O retorno de Yunus a Bangladesh foi facilitado após um tribunal absolvê-lo na quarta-feira (7) de uma condenação a seis meses de prisão proferida em janeiro por violação da legislação trabalhista.
Ele e outros colegas foram acusados de violar as leis trabalhistas por não criar um fundo de assistência aos trabalhadores na Grameen Telecom, uma das empresas fundadas por Yunus. Eles negam. Na época, o Nobel foi libertado sob fiança e partiu para o exterior. Apoiadores do economista e a Anistia Internacional afirmaram que houve motivação política por trás da condenação.
Um dos cidadãos mais conhecidos de Bangladesh, Yunus estava entre aqueles que Hasina considerava uma ameaça política há anos, dizem seus críticos. Agora, aqueles que a derrubaram impulsionaram o prêmio Nobel para uma das posições mais poderosas no novo governo.
Hasina renunciou na segunda-feira (5) sob pressão de uma onda de protestos que começou com um movimento estudantil contra um sistema de cotas para funcionários. Segundo seus críticos, o dispositivo beneficiaria grupos leais à Liga Awami, partido da ex-primeira-ministra.
Com a tensão crescente dos protestos nos últimos dias, centenas de hindus de Bangladesh tentaram sem sucesso fugir para a Índia esta semana depois que muitas casas e empresas da comunidade minoritária foram vandalizadas após a queda da primeira-ministra Sheikh Hasina.
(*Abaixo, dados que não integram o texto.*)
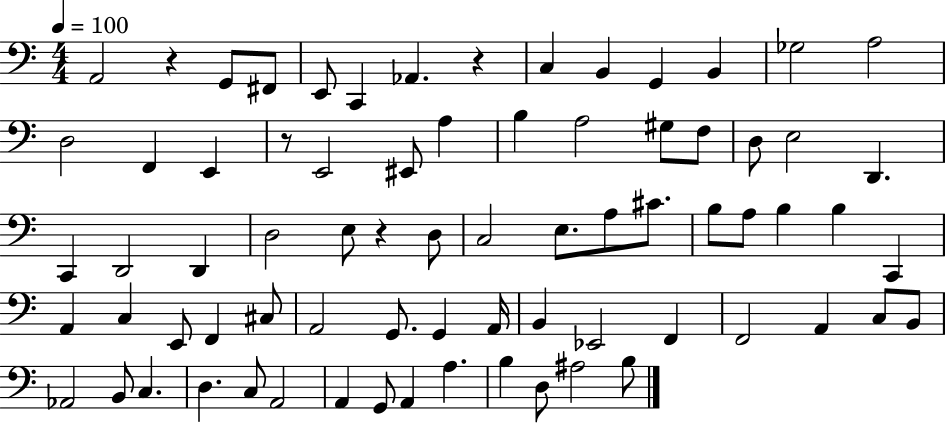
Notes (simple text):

A2/h R/q G2/e F#2/e E2/e C2/q Ab2/q. R/q C3/q B2/q G2/q B2/q Gb3/h A3/h D3/h F2/q E2/q R/e E2/h EIS2/e A3/q B3/q A3/h G#3/e F3/e D3/e E3/h D2/q. C2/q D2/h D2/q D3/h E3/e R/q D3/e C3/h E3/e. A3/e C#4/e. B3/e A3/e B3/q B3/q C2/q A2/q C3/q E2/e F2/q C#3/e A2/h G2/e. G2/q A2/s B2/q Eb2/h F2/q F2/h A2/q C3/e B2/e Ab2/h B2/e C3/q. D3/q. C3/e A2/h A2/q G2/e A2/q A3/q. B3/q D3/e A#3/h B3/e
O Conselho de Unidade Hindu Budista Cristã de Bangladesh disse que 45 dos 64 distritos do país viram o direcionamento principalmente de casas, empresas ou templos hindus nesta semana. Um professor foi morto e outras 45 pessoas ficaram feridas, disse.
Os hindus representam cerca de 8% dos 170 milhões de habitantes de Bangladesh, de maioria muçulmana, e tradicionalmente apoiaram em grande parte o partido Liga Awami de Hasina, que se identifica como em grande parte secular, em vez do bloco de oposição que inclui um partido islâmico linha-dura.
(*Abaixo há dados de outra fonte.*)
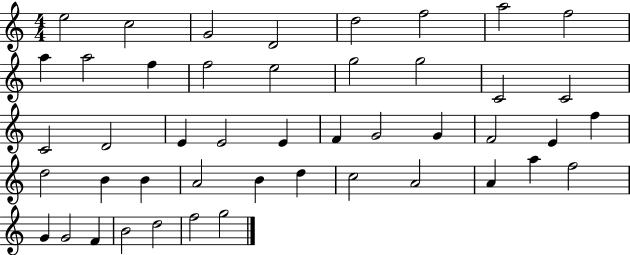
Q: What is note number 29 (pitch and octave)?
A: D5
Hasina se refugiou na Índia após fugir do país na segunda-feira diante de protestos em massa contra o que críticos chamaram de seu governo autoritário —provocando raiva entre alguns bengalis em relação ao seu vizinho.
ELEIÇÕES EM BREVE
A fama internacional de Yunus, conhecido como “o banqueiro dos pobres” por seu programa de microcrédito, também reconhecido com o Prêmio Príncipe das Astúrias da Concórdia em 1998, o projetou como um possível rival de Hasina, que o acusou de “sugar o sangue” dos pobres.
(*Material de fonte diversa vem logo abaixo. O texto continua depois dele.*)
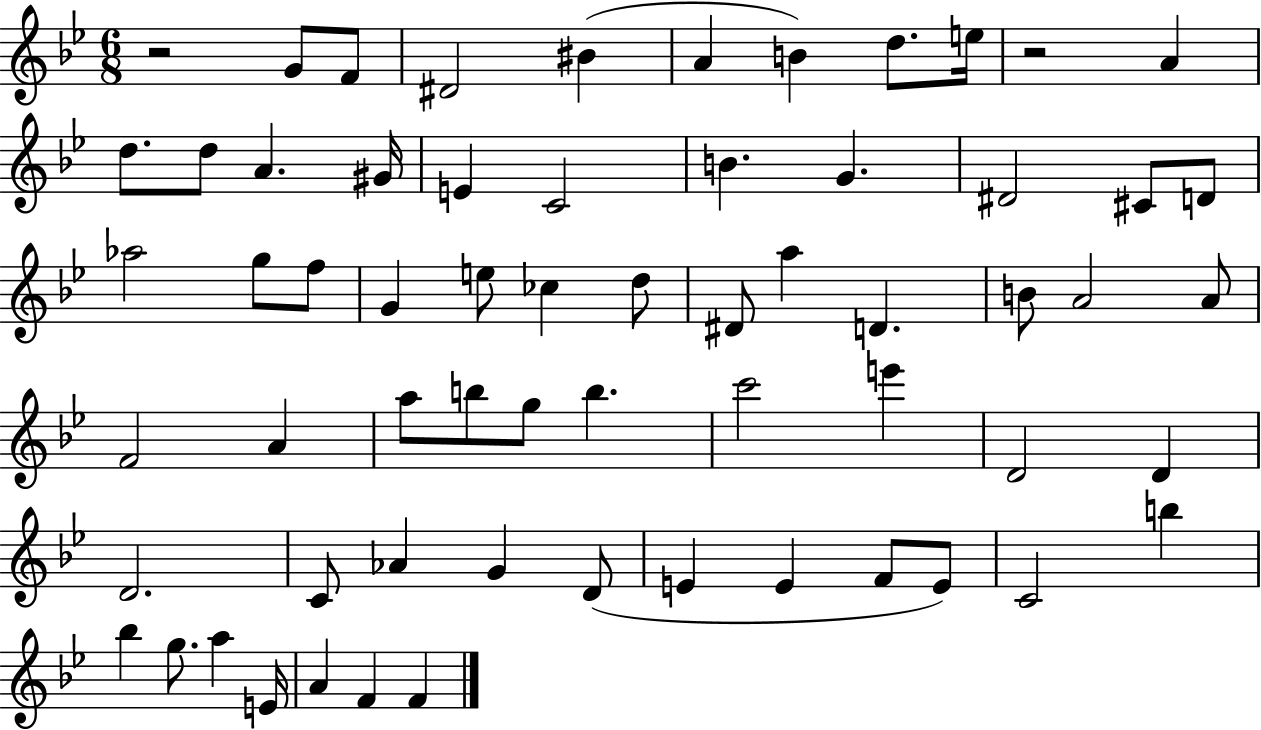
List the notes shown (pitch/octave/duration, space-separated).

Muitos bengalis estão esperançosos em relação ao futuro governo interino. “Espero que o governo nacional seja formado com o consentimento de todos e de forma bela”, disse Moynul Islam Pintu à AFP em um comício do Partido Nacional de Bangladesh em Daca.
O presidente Shahabuddin demitiu o chefe da polícia nacional e o Exército reestruturou na terça-feira (6) a cúpula militar e destituiu altos comandantes considerados próximos a Hasina.
O principal sindicato da polícia se desculpou por ter atirado nos manifestantes e os novos responsáveis policiais prometeram realizar uma “investigação imparcial”.
Bangladesh, um país do sul da Ásia com 170 milhões de habitantes, era um dos países mais pobres do mundo no momento de sua independência do Paquistão em 1971.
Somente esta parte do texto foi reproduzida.